◆ **TASK PROMPT**
Transcribe, with complete accuracy, all of the entries below except for the pictures.

◆ **DATA FOR THE TASK**
■ ■ ■ ■ ■
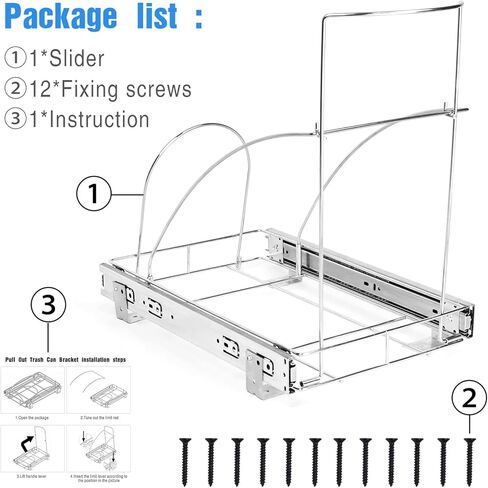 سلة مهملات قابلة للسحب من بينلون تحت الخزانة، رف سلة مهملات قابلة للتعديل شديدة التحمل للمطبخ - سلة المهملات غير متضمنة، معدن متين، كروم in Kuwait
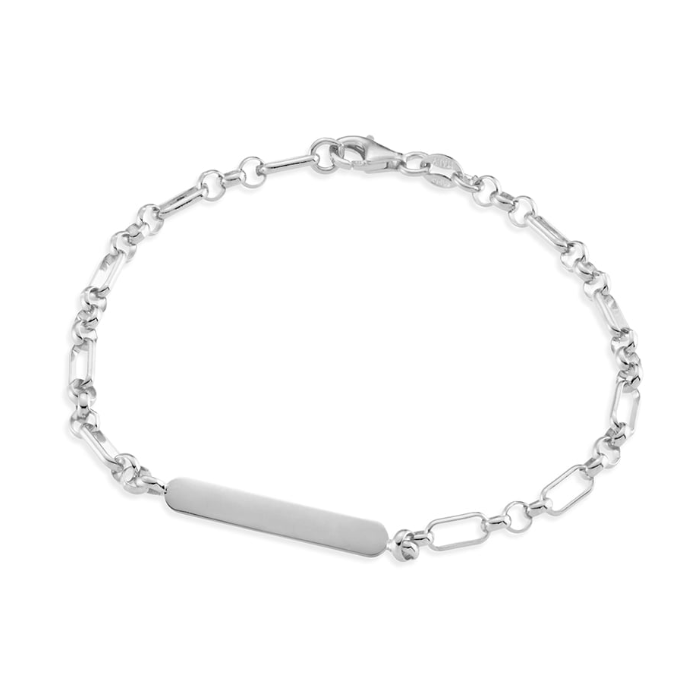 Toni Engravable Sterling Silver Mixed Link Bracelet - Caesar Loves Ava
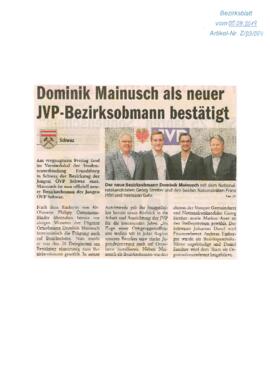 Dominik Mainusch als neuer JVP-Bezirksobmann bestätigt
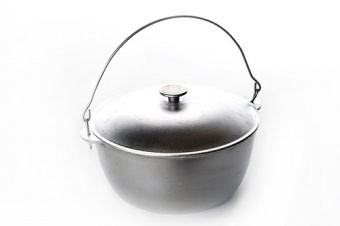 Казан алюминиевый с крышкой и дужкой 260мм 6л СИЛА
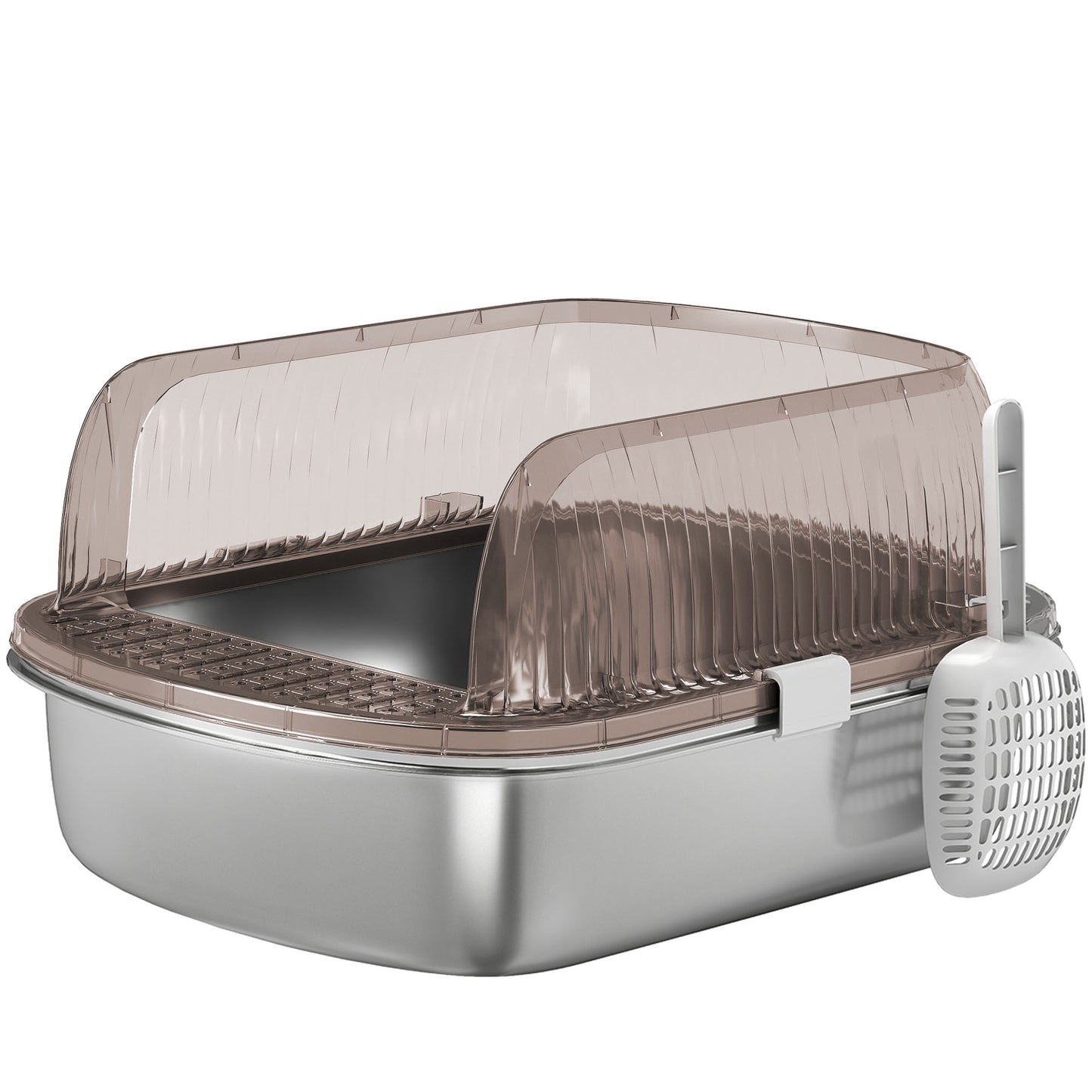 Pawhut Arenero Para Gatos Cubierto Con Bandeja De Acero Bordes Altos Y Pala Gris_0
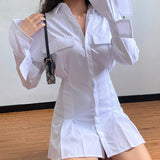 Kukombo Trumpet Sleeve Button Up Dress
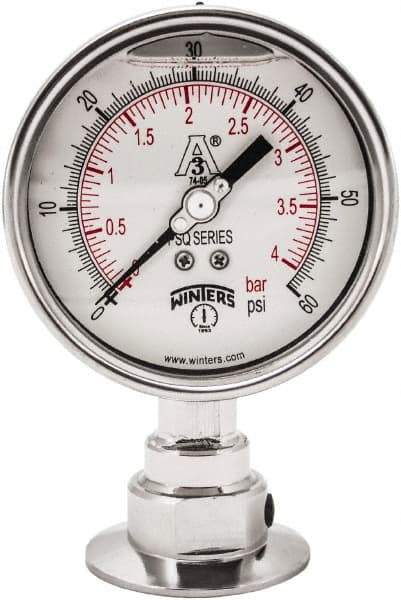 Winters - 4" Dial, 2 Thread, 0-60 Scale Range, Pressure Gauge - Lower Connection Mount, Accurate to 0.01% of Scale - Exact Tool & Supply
■ ■ ■ ■ ■
◆ **REPLY TO THE TASK**
 سلة مهملات قابلة للسحب من بينلون تحت الخزانة، رف سلة مهملات قابلة للتعديل شديدة التحمل للمطبخ - سلة المهملات غير متضمنة، معدن متين، كروم in Kuwait
 Toni Engravable Sterling Silver Mixed Link Bracelet - Caesar Loves Ava
 Dominik Mainusch als neuer JVP-Bezirksobmann bestätigt
 Казан алюминиевый с крышкой и дужкой 260мм 6л СИЛА
 Pawhut Arenero Para Gatos Cubierto Con Bandeja De Acero Bordes Altos Y Pala Gris_0
 Kukombo Trumpet Sleeve Button Up Dress
 Winters - 4" Dial, 2 Thread, 0-60 Scale Range, Pressure Gauge - Lower Connection Mount, Accurate to 0.01% of Scale - Exact Tool & Supply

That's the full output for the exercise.